Assigned task:
Would you print out all of the data exactly and keep the pictures out of it?

Given information:

======

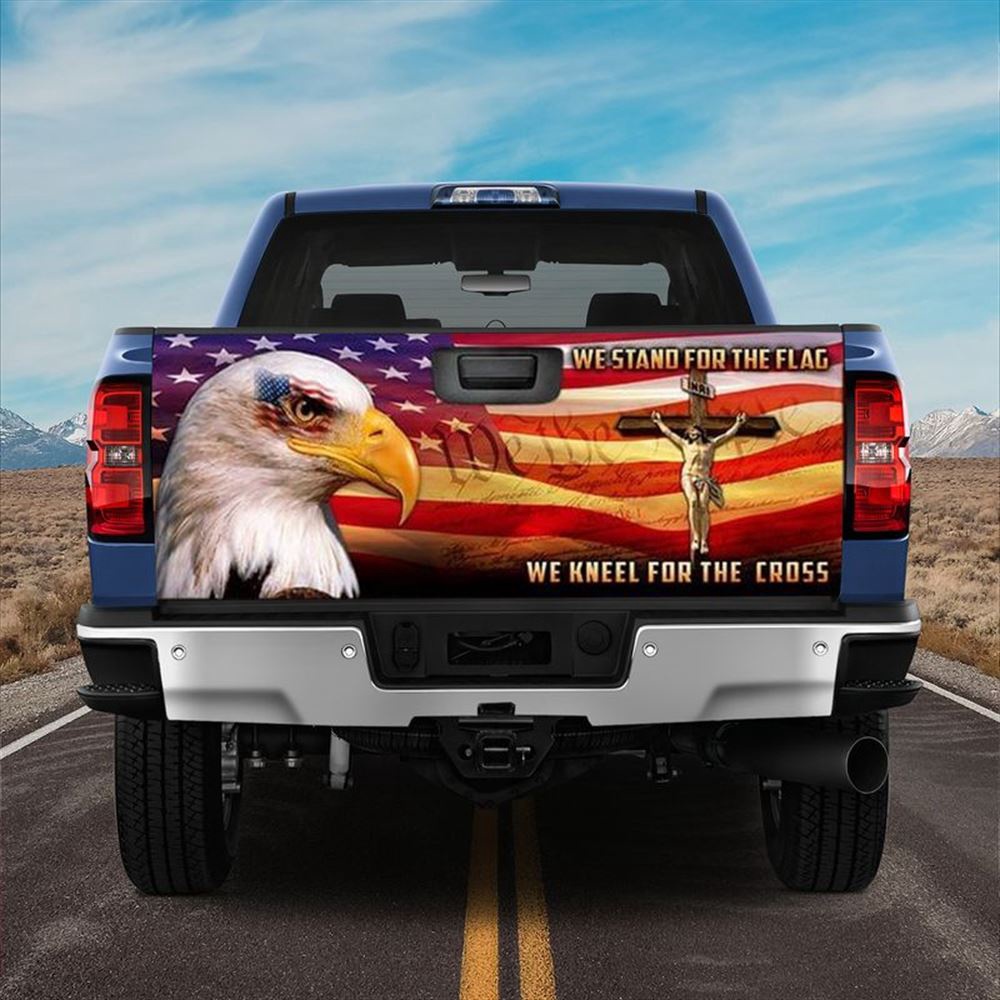 Jesus Tailgate Wrap, We Stand For The Flag, We Kneel For The Cross Truck Tailgate Wrap American Pride Tailgate Wrap Jesus Tailgate Wrap, We Stand For The Flag, We Kneel For The Cross Truck Tailgate Wrap American Pride Tailgate Wrap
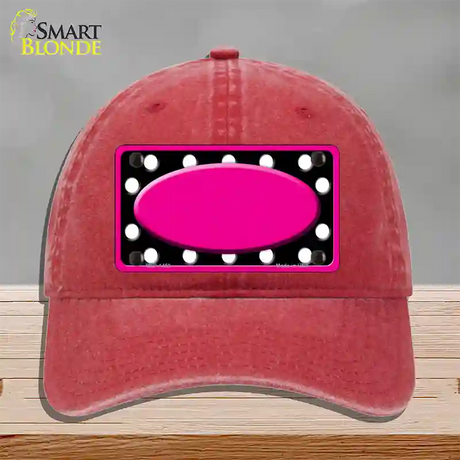 White Black Polka Dots Pink Frame And Center Oval Novelty License Plate Hat Unconstructed Cotton / Red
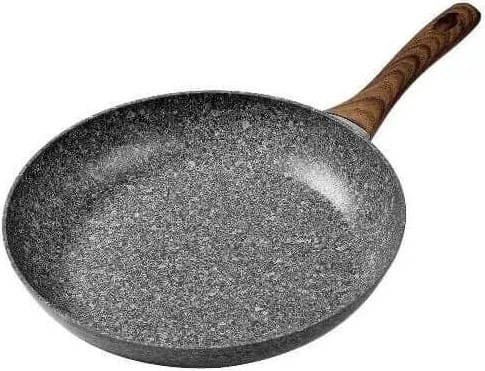 CSY-150-28-28CM - Computech-Solutions Nonstick frying pan with a wooden handle and gray speckled interior surface.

======

Written response:
 Jesus Tailgate Wrap, We Stand For The Flag, We Kneel For The Cross Truck Tailgate Wrap American Pride Tailgate Wrap Jesus Tailgate Wrap, We Stand For The Flag, We Kneel For The Cross Truck Tailgate Wrap American Pride Tailgate Wrap
 White Black Polka Dots Pink Frame And Center Oval Novelty License Plate Hat Unconstructed Cotton / Red
 CSY-150-28-28CM - Computech-Solutions Nonstick frying pan with a wooden handle and gray speckled interior surface.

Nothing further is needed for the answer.